From Michael Lind’s article, Southern poverty pimps, at Salon:
The essence of the Southern economic model is not low taxation, but a lack of bargaining power by Southern workers of all races. Bargaining power at the bottom of the income scale is created by tight labor markets; unions; minimum wage laws combined with unemployment insurance; and social insurance, such as Social Security and Medicare and Medicaid.
Naturally, the 21st-century descendants of Jefferson Davis and John C. Calhoun want to weaken everything that strengthens the ability of a Southern worker to say to a Southern employer: “Take this job and shove it!”
Tight labor markets are anathema to Southern employers. They want loose labor markets that create a buyer’s market in wage labor. That is why, at a time of mass unemployment among low-skilled workers in the U.S., most of the calls for expanding unskilled immigration in the form of “guest worker” programs are coming from Southern and Southwestern politicians. Guest workers — that is, indentured servants bound to a single employer and unable to quit — are the ideal workers, from a neo-Confederate perspective. They are cheap and unfree.
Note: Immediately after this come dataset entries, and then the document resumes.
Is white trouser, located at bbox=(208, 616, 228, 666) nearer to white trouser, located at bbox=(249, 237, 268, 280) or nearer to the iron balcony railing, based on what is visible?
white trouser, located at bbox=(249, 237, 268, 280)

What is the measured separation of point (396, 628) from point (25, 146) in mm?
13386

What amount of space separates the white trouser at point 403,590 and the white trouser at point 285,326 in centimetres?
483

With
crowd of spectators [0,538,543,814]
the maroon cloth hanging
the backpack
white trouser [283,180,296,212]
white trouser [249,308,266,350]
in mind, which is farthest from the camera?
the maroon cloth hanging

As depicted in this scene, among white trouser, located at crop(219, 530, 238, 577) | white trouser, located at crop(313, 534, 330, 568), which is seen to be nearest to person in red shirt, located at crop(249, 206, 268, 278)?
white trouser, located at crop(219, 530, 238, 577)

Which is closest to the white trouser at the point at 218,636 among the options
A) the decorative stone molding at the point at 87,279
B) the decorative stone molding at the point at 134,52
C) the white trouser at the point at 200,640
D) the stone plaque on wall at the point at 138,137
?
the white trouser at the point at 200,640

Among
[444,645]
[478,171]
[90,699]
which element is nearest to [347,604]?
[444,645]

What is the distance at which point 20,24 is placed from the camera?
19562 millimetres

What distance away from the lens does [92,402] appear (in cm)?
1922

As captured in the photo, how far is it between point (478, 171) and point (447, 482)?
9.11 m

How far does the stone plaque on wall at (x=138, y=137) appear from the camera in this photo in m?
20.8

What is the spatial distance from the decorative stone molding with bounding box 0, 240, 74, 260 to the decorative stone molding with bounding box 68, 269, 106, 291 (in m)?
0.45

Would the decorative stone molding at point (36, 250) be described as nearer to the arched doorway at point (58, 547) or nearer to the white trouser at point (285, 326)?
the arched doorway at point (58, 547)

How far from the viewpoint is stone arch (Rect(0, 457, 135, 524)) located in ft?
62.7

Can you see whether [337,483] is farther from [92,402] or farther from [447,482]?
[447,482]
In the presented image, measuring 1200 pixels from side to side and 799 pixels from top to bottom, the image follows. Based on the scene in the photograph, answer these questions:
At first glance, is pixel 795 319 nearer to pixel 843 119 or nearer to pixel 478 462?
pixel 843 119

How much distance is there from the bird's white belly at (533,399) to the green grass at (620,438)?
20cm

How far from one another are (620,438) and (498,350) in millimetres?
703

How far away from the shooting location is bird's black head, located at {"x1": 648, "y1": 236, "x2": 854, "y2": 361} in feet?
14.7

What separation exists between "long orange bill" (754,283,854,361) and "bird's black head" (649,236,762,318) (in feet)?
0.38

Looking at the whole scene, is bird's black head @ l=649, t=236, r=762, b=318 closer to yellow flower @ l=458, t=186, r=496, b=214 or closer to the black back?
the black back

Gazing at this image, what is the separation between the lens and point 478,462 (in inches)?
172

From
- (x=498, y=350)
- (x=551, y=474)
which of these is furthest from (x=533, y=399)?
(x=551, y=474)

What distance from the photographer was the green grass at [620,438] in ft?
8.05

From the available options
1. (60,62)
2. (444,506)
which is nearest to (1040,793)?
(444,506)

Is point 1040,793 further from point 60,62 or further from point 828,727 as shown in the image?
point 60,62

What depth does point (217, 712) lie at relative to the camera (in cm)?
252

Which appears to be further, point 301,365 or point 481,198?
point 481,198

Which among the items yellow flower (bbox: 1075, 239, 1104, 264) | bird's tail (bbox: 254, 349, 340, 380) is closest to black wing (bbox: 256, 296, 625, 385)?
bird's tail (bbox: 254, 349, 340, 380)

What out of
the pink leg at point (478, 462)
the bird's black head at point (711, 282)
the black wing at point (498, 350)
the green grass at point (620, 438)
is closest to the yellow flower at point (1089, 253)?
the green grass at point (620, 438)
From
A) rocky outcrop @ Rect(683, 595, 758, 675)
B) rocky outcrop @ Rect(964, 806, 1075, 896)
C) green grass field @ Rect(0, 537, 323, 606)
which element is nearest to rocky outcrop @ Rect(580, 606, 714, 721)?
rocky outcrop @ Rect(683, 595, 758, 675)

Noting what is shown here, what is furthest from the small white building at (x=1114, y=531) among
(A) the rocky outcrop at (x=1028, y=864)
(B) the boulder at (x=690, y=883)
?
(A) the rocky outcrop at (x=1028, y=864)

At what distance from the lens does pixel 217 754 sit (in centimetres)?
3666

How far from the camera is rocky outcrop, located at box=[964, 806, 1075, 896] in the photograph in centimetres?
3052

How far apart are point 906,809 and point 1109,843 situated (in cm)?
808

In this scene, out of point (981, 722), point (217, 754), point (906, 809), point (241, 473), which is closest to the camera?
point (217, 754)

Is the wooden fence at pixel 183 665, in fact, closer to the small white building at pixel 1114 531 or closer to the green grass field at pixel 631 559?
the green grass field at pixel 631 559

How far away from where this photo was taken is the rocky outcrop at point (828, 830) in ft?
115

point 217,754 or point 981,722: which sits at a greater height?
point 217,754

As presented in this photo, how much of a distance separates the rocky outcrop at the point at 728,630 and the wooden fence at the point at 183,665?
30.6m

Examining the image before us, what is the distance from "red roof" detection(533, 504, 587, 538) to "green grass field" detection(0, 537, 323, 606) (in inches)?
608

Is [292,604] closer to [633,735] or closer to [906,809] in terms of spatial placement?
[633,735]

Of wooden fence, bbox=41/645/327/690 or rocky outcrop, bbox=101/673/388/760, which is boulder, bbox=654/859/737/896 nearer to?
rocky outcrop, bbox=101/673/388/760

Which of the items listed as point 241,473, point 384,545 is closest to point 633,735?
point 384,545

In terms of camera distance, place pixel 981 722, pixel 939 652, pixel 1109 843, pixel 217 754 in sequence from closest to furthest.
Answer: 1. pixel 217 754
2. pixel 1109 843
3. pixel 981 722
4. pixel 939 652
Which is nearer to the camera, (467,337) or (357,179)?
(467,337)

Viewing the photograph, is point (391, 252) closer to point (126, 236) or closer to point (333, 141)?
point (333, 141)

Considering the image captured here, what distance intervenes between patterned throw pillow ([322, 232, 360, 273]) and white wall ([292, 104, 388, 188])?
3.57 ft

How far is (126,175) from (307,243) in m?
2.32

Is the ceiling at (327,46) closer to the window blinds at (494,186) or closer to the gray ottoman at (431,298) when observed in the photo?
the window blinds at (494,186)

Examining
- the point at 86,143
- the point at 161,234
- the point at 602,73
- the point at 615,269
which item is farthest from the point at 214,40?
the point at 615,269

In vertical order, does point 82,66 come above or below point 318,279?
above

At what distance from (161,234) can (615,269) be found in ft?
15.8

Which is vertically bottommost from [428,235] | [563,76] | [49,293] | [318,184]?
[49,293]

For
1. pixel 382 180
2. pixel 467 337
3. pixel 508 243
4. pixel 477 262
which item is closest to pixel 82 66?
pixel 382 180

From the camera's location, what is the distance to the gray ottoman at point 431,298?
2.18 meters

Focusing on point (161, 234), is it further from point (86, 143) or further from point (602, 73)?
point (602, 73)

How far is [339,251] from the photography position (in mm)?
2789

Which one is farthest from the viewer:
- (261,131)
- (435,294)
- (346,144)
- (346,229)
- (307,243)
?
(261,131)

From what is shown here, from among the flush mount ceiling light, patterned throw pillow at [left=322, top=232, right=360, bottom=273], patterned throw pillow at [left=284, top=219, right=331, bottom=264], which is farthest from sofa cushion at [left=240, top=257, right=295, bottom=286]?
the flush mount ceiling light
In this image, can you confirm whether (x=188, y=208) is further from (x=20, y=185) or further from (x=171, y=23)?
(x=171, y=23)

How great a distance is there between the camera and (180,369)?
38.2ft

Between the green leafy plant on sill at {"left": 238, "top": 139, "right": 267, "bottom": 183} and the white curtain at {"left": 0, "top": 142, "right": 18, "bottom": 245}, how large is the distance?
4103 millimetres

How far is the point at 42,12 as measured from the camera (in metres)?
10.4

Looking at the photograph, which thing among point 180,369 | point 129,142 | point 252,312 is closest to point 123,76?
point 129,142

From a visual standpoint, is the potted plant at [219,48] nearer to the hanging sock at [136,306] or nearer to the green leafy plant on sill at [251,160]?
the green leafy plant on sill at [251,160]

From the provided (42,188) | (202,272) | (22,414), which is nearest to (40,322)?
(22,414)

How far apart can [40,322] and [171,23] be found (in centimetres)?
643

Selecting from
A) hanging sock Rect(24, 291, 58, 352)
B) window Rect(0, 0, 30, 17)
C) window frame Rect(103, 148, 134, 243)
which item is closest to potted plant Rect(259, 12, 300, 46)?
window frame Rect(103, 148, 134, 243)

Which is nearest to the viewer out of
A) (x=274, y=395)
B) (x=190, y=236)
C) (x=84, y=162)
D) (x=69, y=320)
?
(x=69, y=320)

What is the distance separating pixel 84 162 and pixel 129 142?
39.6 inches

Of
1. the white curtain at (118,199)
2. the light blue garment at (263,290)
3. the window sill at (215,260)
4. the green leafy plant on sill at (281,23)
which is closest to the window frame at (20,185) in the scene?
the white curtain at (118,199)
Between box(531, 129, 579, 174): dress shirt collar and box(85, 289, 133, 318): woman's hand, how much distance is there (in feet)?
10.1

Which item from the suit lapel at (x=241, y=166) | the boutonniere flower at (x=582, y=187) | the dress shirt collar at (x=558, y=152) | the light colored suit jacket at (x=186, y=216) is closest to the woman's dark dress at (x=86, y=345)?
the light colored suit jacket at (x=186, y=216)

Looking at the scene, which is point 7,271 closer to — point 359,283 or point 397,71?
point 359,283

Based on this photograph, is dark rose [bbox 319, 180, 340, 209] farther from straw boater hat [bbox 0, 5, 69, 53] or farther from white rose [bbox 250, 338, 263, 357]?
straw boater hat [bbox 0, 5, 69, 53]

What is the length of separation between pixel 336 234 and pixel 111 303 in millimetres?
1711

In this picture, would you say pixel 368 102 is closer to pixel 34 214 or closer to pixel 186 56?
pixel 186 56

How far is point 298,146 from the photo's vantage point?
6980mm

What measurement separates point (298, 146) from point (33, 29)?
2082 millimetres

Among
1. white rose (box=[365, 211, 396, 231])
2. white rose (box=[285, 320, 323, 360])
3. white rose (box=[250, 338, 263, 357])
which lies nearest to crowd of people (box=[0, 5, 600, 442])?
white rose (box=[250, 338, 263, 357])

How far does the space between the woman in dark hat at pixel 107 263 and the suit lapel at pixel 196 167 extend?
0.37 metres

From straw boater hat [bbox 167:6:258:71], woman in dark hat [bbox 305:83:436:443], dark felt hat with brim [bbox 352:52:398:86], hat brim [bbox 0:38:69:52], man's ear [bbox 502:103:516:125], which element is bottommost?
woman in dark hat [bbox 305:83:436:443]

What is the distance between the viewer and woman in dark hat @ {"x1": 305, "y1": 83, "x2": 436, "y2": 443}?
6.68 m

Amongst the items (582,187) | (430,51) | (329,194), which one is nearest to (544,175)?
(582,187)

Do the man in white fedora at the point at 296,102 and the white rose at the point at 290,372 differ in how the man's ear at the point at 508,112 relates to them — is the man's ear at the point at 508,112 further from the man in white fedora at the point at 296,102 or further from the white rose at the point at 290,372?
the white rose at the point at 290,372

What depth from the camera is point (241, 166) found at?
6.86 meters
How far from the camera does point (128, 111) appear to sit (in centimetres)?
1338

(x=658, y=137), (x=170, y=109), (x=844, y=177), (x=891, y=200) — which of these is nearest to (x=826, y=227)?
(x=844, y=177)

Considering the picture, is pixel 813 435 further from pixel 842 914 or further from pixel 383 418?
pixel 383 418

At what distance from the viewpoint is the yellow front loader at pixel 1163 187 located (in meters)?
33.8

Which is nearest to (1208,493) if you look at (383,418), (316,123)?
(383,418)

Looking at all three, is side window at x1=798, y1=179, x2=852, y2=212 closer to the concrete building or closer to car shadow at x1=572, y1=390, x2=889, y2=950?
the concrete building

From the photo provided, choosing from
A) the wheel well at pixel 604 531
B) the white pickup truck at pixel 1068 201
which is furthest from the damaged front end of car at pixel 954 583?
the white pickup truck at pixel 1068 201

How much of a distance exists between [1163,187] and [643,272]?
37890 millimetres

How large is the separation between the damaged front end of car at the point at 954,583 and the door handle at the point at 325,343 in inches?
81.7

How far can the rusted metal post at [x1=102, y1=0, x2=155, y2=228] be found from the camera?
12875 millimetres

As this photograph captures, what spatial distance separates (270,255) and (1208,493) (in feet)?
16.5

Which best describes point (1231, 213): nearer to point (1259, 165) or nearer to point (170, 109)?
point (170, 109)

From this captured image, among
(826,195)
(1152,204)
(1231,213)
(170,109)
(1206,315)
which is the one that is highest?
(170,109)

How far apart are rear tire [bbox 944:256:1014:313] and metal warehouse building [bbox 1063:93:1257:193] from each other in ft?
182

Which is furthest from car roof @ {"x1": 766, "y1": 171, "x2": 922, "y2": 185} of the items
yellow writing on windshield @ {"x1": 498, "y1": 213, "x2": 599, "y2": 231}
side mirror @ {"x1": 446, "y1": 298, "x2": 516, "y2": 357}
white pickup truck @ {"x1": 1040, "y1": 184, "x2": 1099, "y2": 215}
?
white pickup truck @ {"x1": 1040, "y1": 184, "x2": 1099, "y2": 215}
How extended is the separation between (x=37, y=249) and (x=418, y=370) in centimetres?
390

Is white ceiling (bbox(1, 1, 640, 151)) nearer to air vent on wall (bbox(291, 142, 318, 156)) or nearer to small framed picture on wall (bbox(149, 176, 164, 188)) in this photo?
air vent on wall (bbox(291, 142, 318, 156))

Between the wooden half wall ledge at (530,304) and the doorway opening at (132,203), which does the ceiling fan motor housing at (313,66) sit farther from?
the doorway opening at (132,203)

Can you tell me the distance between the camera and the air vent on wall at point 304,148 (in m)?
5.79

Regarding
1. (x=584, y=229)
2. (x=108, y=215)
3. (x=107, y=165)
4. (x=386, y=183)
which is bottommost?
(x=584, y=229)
The article is worth a read. But it contributes to the malaise of false dichotomies. As if the North and the Rustbelt weren’t taking on these same practices. Wisconsin, Indiana and even Michigan have elected pro-big business governors and legislatures who are working hard to dismantle worker’s rights to bargain and act as professional organizations to temper corporate malaise affecting both the public and private sectors. Even union-happy Chicago is under attack from our overwhelmingly-elected mayor, a Democrat who was former Chief of Staff for President Barack Obama.
So, yeah, there’s that. Meanwhile, capital created by workers continues to climb back to the top – or rather, flow back to the lowest levels- the ultrarich. But it’s the working poor who are blamed for being poor and demanding anything of worth for their work. Got it.
Oh, and there is this from Lind’s article for my fellow Christians who either hear or peddle the nonsense that charities should take care of the poor, not government (and for whom the words “economic justice
” do not ring a bell):
In order to maximize the dependence of Southern workers on Southern employers in the great low-wage labor pool of the former Confederacy, it would be best to have no welfare at all, only local charity (funded and controlled, naturally, by the local wealthy families).
We’ve dealt with that nonsense here and here and here, though.